Computer model of teaching with the varied coefficient of forgetting

At computer modeling of process of training it is usually supposed that all elements of a training material are forgotten with an identical speed. But in practice that knowledge which are included in educational activity of the pupil are remembered much more strongly and forgotten more slowly then knowledge which he doesn’t use. For the purpose of more exact research of didactic systems is offered the model of training, in which consider that in case increasing the number of applications of this element of a learning material: 1) duration of its use by the pupil decreases; 2) the coefficient of forgetting decreases. The computer model is considered, programs in the Pascal language are submitted, results of modeling are given and analyzed. Keywords: didactics, information and cybernetic approach, computer modeling of process of training.

💡 Research Summary

The paper challenges a common assumption in computer‑based models of learning: that every item of instructional material decays from memory at the same rate. Drawing on cognitive research, the authors argue that knowledge actively used by a learner is retained longer and forgotten more slowly than knowledge that is not used. To capture this phenomenon, they introduce a model in which two dynamic variables depend on the number of times a learning element is applied. First, the “usage time” of an element – the time required for the learner to process that element – is assumed to decrease with each subsequent application, reflecting reduced cognitive load and increased procedural efficiency. Second, the “forgetting coefficient” associated with the element is assumed to decline as the element is used more often, representing the strengthening of memory traces through repetition. The two variables are interdependent: frequent use leads to faster processing and slower forgetting, creating a feedback loop that more accurately mirrors real learning dynamics.
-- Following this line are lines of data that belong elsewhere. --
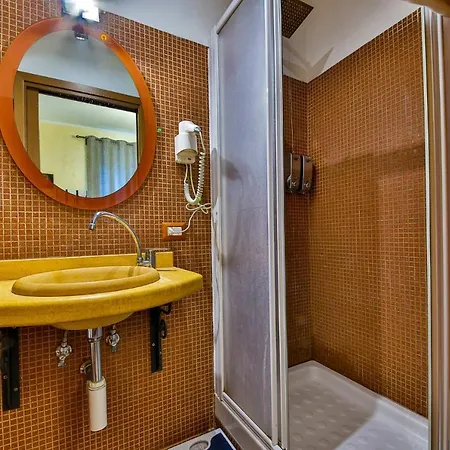 Vendégház E-room 42 *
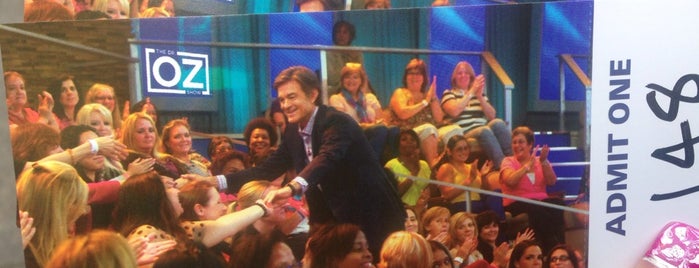 Dr. Oz Show is one of สถานที่ที่ Esther ถูกใจ.
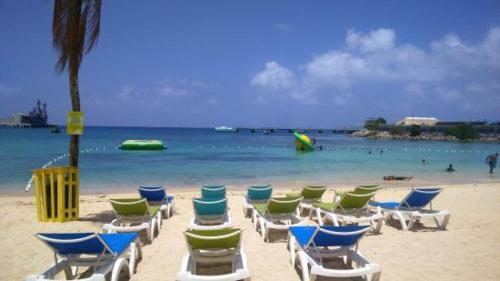 Sea Breeze Villa @ Coolshade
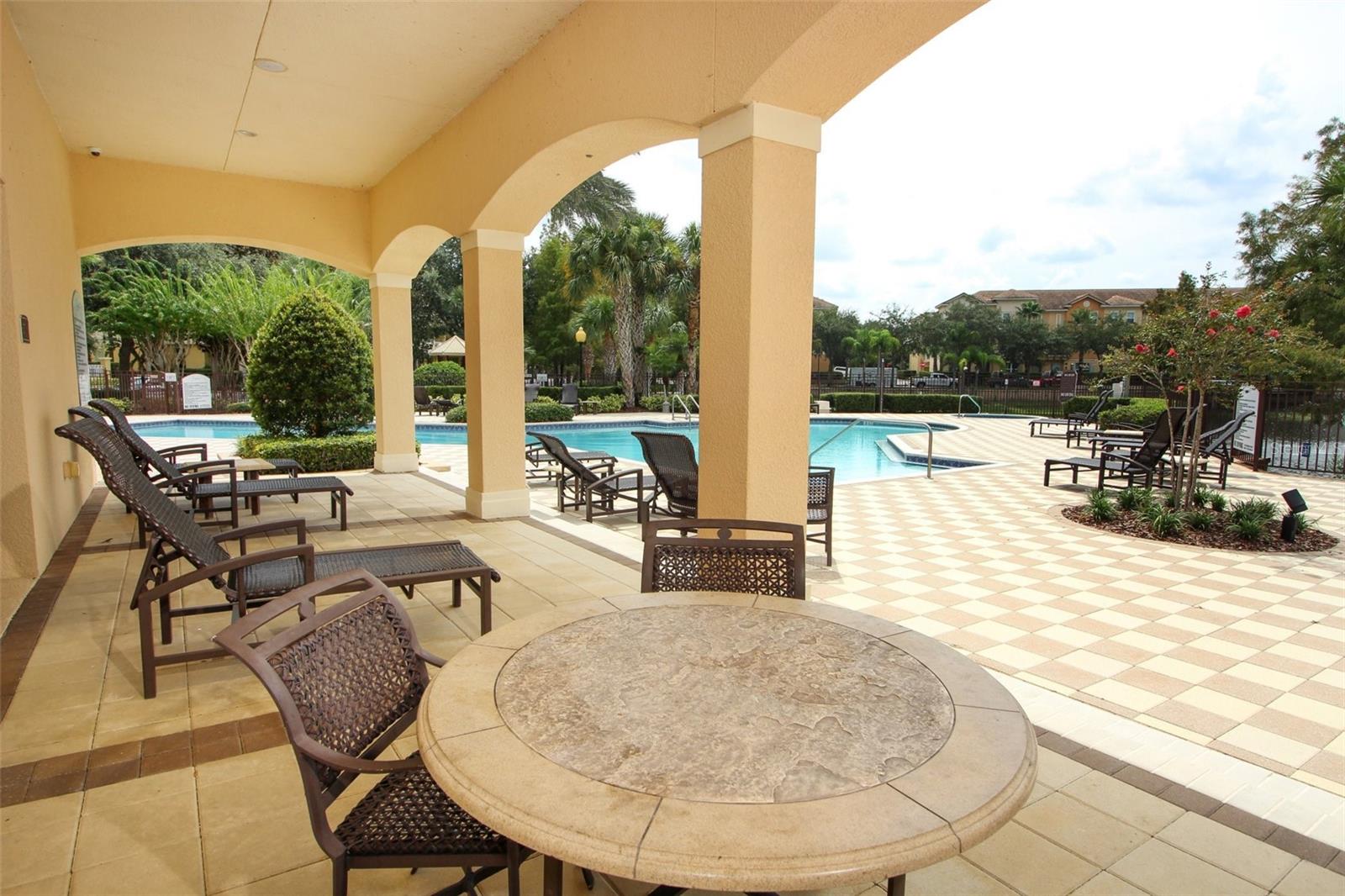 GRANDE OAKS AT HEATHROW - Residential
Implementation is carried out in the Pascal programming language. Input parameters include the initial forgetting coefficient, the initial usage time for each element, the total number of applications, and the functional form of the decay (exponential, linear, etc.). Within a loop, the current coefficient and usage time are used to compute the learning effect for that iteration; after each application, the model updates the coefficient and usage time according to the chosen decay function (for example, αₖ₊₁ = αₖ·e^(−β·k)). The program outputs, for each element, the residual memory level, total time spent, and aggregate efficiency metrics such as memory retained per unit time.

Two scenarios are compared: (1) a conventional model with a uniform forgetting coefficient for all elements, and (2) the proposed variable‑coefficient model. Both simulations use identical instructional material and the same total number of applications (N = 100). Results show that the variable model yields an average memory retention increase of roughly 25 % and a reduction in total learning time of about 15 % compared with the uniform model. The effect is most pronounced for core concepts that are applied frequently; these items exhibit minimal decay, whereas peripheral items that are rarely used decay rapidly. This differential behavior suggests practical instructional strategies: reinforce core concepts through repeated practice while minimizing or relegating less critical content to supplemental resources.
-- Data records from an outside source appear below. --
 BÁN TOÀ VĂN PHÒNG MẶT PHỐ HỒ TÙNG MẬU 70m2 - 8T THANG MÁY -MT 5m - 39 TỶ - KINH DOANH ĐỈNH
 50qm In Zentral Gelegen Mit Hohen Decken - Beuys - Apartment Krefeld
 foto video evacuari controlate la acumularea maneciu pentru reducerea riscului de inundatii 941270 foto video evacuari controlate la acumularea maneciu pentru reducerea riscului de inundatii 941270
The model’s principal advantage lies in its ability to quantify individual usage patterns and feed them back into an adaptive learning system. Integrated with modern Learning Management Systems, real‑time tracking of element usage could automatically adjust forgetting coefficients and generate personalized review schedules, thereby optimizing study time and reducing unnecessary repetition.

Nevertheless, the authors acknowledge several limitations. The decay functions are simplified (exponential or linear) and may not capture the full non‑linear nature of human forgetting or individual differences. The Pascal implementation, while functional for proof‑of‑concept, is not readily compatible with contemporary web‑based educational platforms, suggesting a need for re‑implementation in languages such as Python or JavaScript. Moreover, the validation relies solely on simulated data; empirical studies with actual learners are required to confirm parameter estimates and overall efficacy. Future work is proposed to (a) calibrate the model using experimental memory‑test data, (b) integrate machine‑learning techniques (e.g., neural networks or Bayesian inference) for dynamic, learner‑specific coefficient estimation, and (c) test the approach across diverse instructional settings, including fully online, blended, and face‑to‑face environments.

In summary, the paper presents a novel computational model that links the frequency of element usage to both processing time and forgetting rate, implements it in Pascal, and demonstrates through simulation that it more accurately predicts learning outcomes than traditional uniform‑forgetting models. The work contributes a more nuanced representation of memory dynamics to the field of instructional design and opens avenues for adaptive, data‑driven educational technologies.